What This Means for India's Energy Transition
India's 500 GW renewable energy target by 2030 — enshrined in its Nationally Determined Contribution (NDC) submitted to the UNFCCC — requires every category of energy consumer and producer to participate in the transition, not just private developers like Adani Green Energy, ReNew Power, and Greenko. State-owned enterprises such as Coal India, NTPC, and NHPC deploying renewable capacity at their own facilities is precisely the kind of systemic demand-side shift that underpins durable progress toward the 500 GW goal. The Chilwa Taal floating solar award demonstrates that PSUs are moving beyond pilot announcements into actual project execution — a critical distinction as India enters the second half of the decade with roughly 190 GW of non-hydro renewable capacity already installed and a steep ramp required through 2030.
Watch for Coal India to announce additional floating solar tenders across subsidiaries including South Eastern Coalfields Limited (SECL) and Mahanadi Coalfields Limited (MCL), where larger water bodies offer multi-MW development potential. UPNEDA's pipeline for Uttar Pradesh floating solar will also be worth tracking as the state pushes toward its own 22 GW renewable target by 2026–27. The Gorakhpur award is a data point — but the trend it represents is a structural one.
Key Facts
- —Coal India's Chilwa Taal floating solar project is sized at 20 MW, located in Gorakhpur, Uttar Pradesh
- —CIL has committed approximately ₹5,000 crore toward renewable energy projects across its subsidiaries, targeting 3,000 MW by 2025–26
- —India's installed floating solar capacity exceeds 500 MW with a national informal target of 10 GW by 2030 under MNRE guidelines
Frequently Asked Questions
What is the Coal India floating solar project at Chilwa Taal?
Coal India has awarded a 20 MW floating solar project to be built on Chilwa Taal reservoir in Gorakhpur, Uttar Pradesh.
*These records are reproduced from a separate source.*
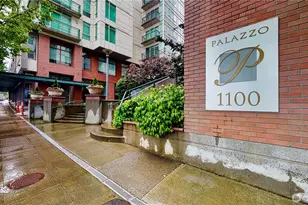 1100 106th Ave NE, Bellevue, WA 98004 - Photo 19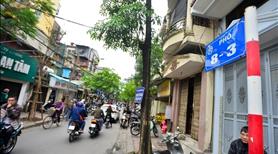 Nhỉnh 3 tỷ sở hữu ngay căn hộ rộng 60m giữa trung tâm Hai Bà Trưng – quá hiếm! - Ảnh 6
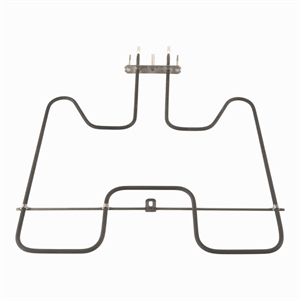 Whirlpool, Bauknecht øverste varmelegeme i ovn - 1500 W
The project will generate an estimated 30–32 million units of clean electricity annually and is part of CIL's plan to develop 3,000 MW of renewable capacity.
How much floating solar capacity does India have in 2025?
India's installed floating solar capacity crossed 500 MW as of 2025, with major projects at Kayamkulam in Kerala, Ramagundam in Telangana, Omkareshwar in Madhya Pradesh, and Rihand in Uttar Pradesh. MNRE has set an informal 10 GW floating solar target by 2030.
Why is Coal India investing in solar energy?
Coal India is investing in solar energy to reduce grid power costs, meet renewable purchase obligations, and respond to MNRE clean energy mandates. CIL has committed ₹5,000 crore to renewable projects and aims for 3,000 MW of renewable capacity across subsidiaries by 2025–26.